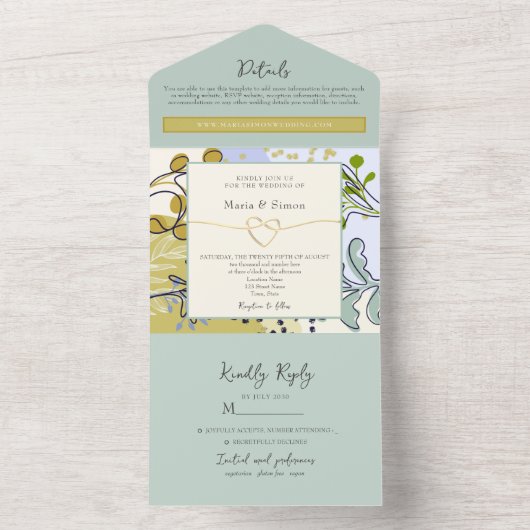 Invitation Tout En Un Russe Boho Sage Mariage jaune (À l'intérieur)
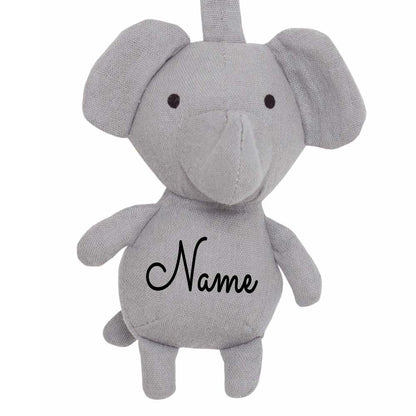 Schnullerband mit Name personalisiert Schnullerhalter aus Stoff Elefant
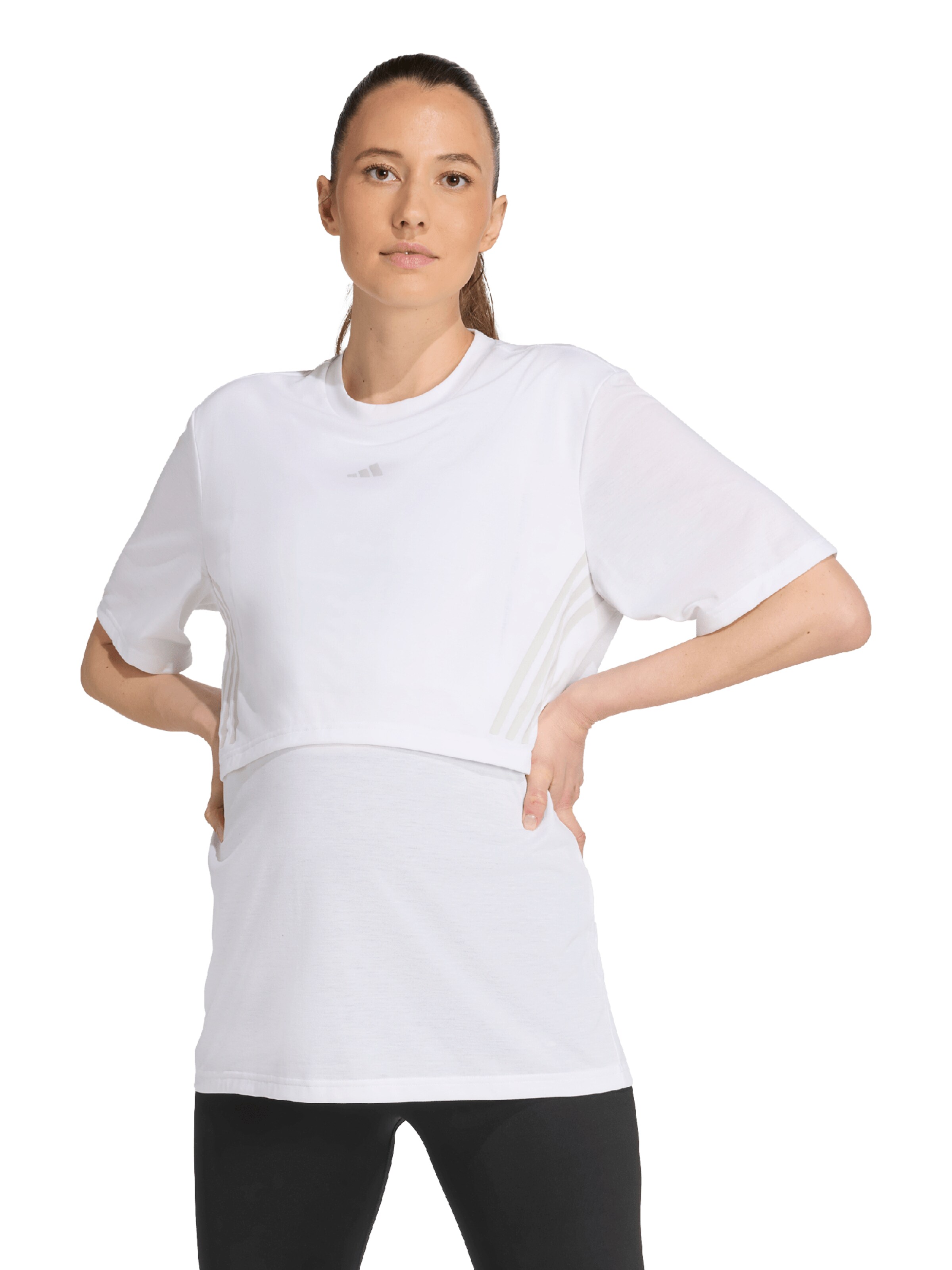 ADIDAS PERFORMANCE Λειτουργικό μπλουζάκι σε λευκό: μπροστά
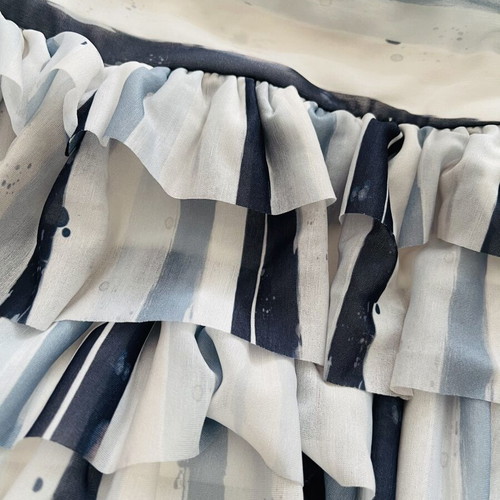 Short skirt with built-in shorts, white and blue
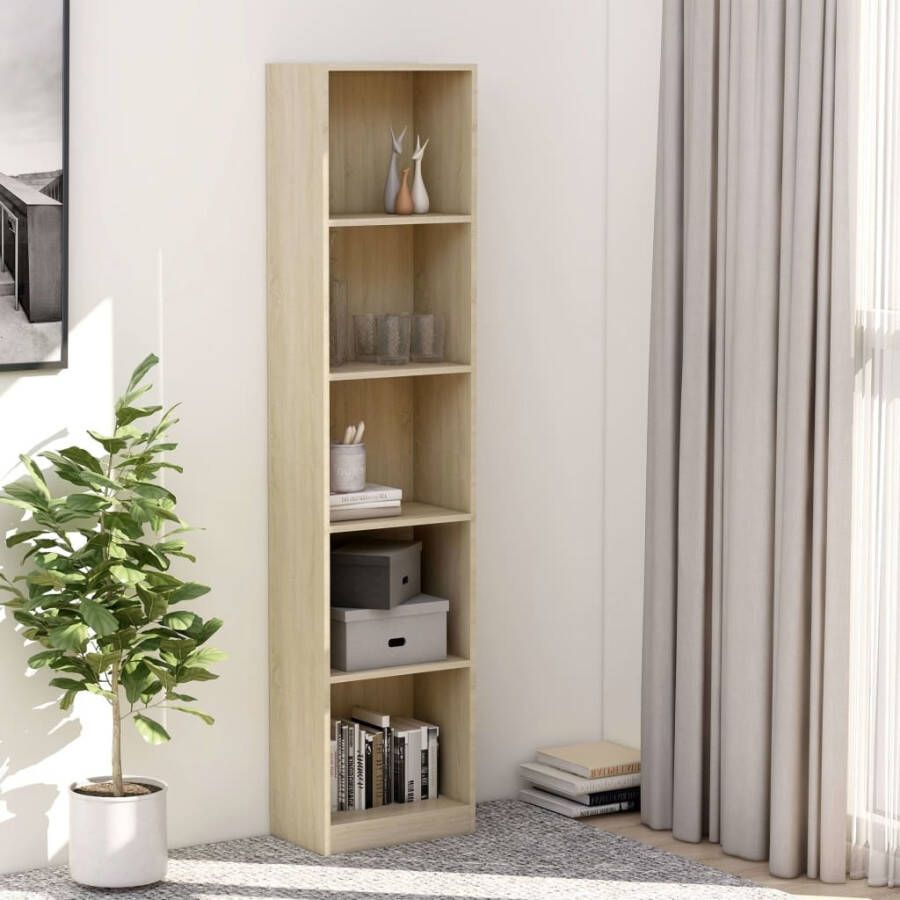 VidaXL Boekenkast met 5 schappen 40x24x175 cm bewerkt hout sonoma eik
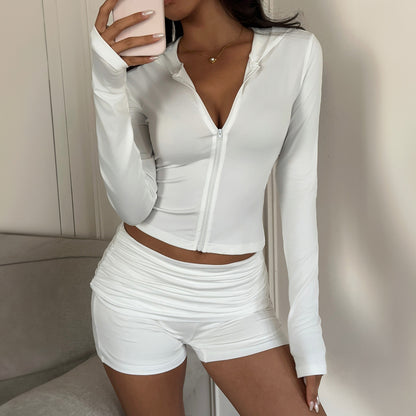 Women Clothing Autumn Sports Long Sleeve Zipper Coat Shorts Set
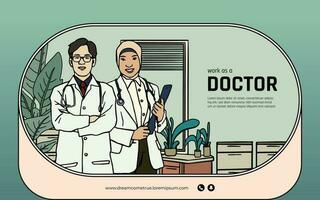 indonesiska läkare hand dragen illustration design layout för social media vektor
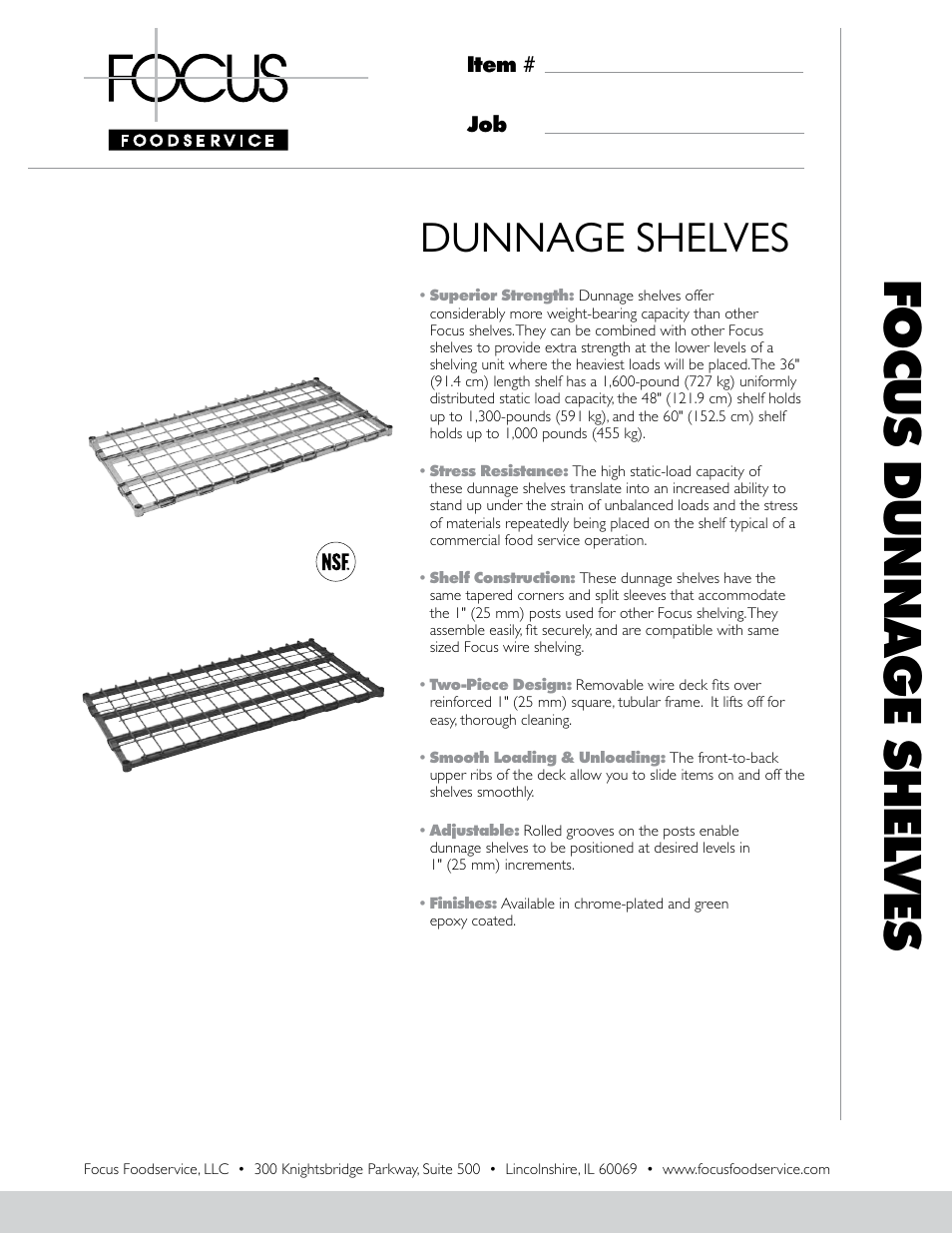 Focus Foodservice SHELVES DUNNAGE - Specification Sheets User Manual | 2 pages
==
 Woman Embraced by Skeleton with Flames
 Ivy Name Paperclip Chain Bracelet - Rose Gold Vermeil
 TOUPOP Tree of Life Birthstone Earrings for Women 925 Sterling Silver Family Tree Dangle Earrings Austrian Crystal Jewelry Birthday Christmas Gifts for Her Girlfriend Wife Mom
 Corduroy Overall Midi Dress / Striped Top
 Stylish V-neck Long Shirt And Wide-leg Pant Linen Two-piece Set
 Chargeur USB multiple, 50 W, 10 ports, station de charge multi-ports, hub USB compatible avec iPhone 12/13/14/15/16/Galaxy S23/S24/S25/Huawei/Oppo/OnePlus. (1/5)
...
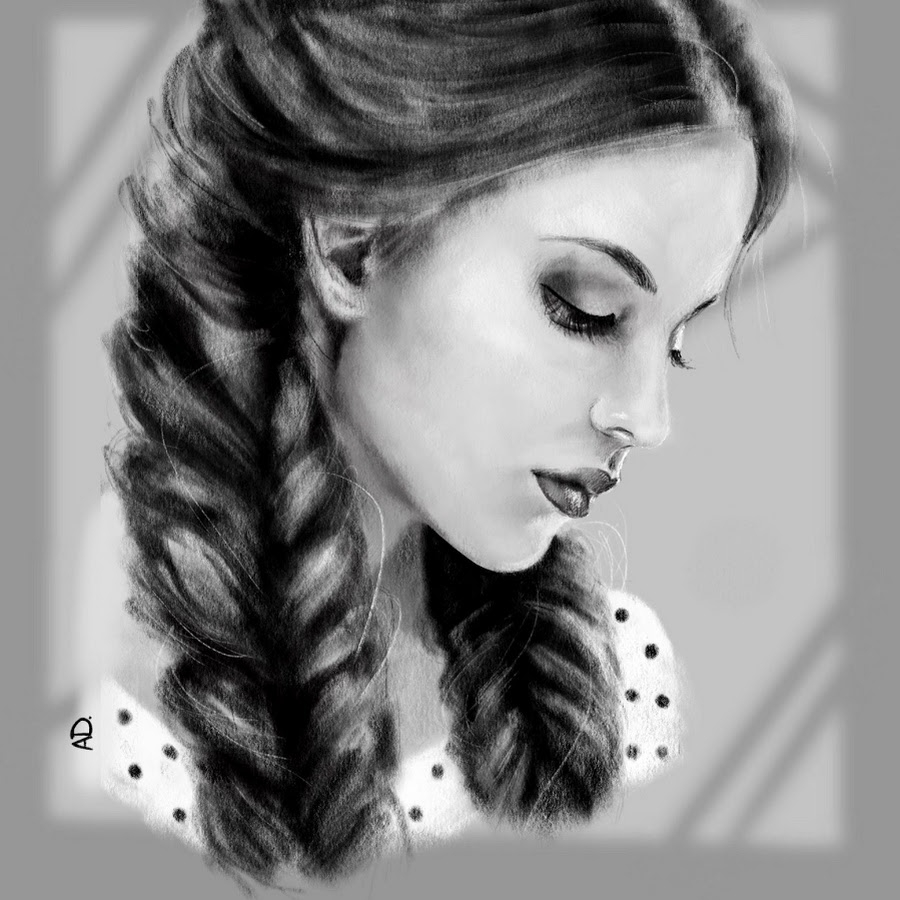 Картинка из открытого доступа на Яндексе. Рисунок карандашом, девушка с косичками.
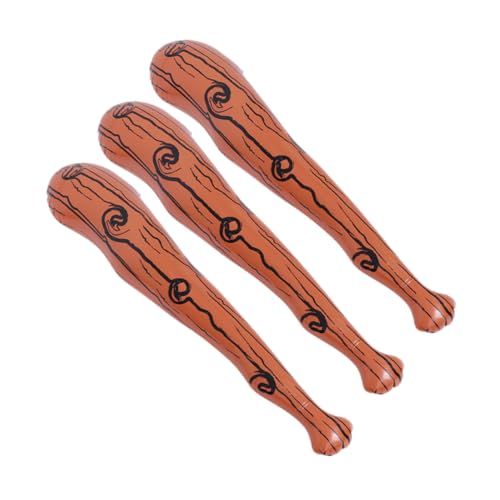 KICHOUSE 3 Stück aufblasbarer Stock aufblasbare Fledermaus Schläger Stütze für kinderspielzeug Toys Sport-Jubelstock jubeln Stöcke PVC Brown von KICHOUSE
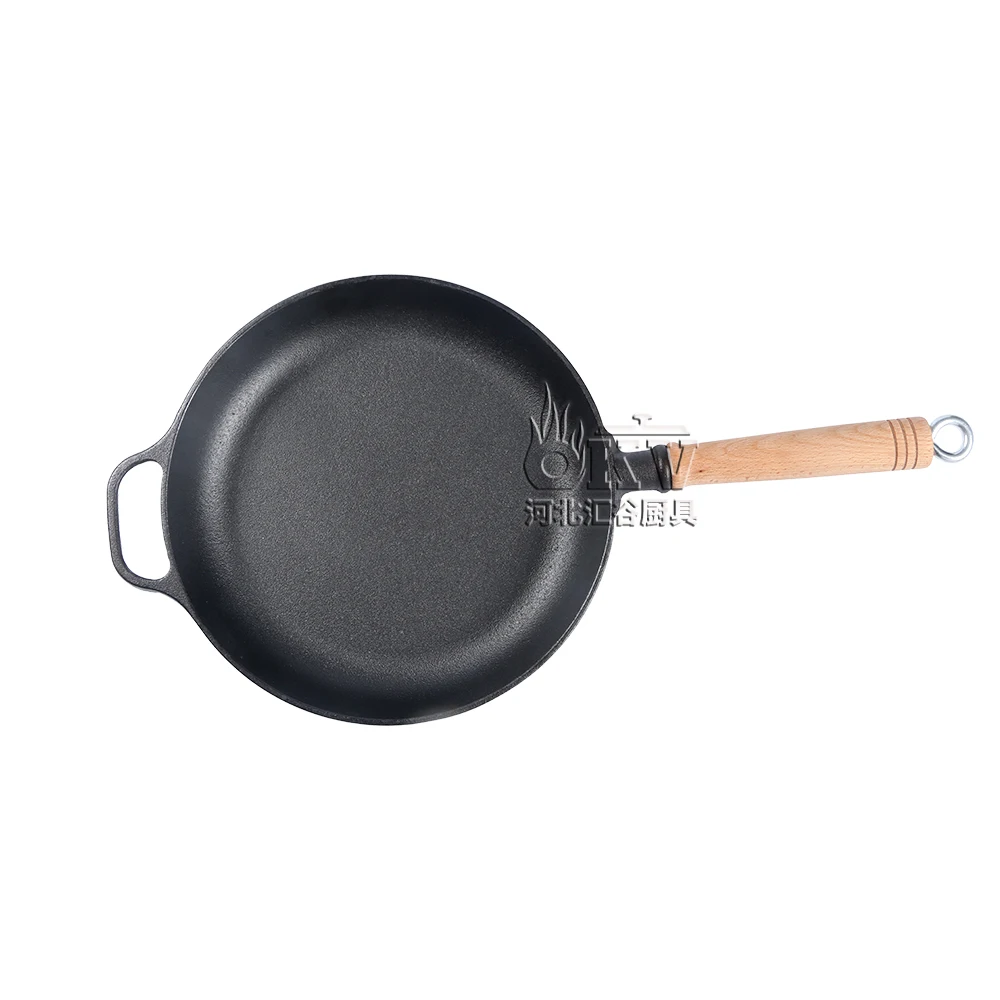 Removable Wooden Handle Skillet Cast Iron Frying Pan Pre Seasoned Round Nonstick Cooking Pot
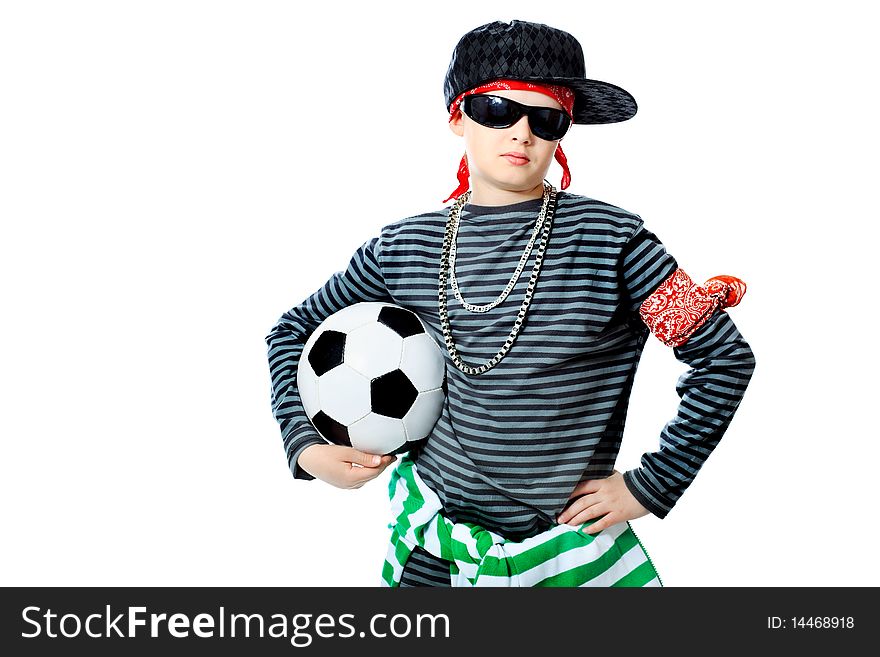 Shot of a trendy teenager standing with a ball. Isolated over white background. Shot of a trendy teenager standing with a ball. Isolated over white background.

▶ _WHAT TO PRODUCE_
From the records above, copy only the lines running from the line containing "Картинка из открытого" to the line containing "KICHOUSE 3 Stück", both ends included. Leave the pictures out.

▶ _OUTPUT_
 Картинка из открытого доступа на Яндексе. Рисунок карандашом, девушка с косичками.
 KICHOUSE 3 Stück aufblasbarer Stock aufblasbare Fledermaus Schläger Stütze für kinderspielzeug Toys Sport-Jubelstock jubeln Stöcke PVC Brown von KICHOUSE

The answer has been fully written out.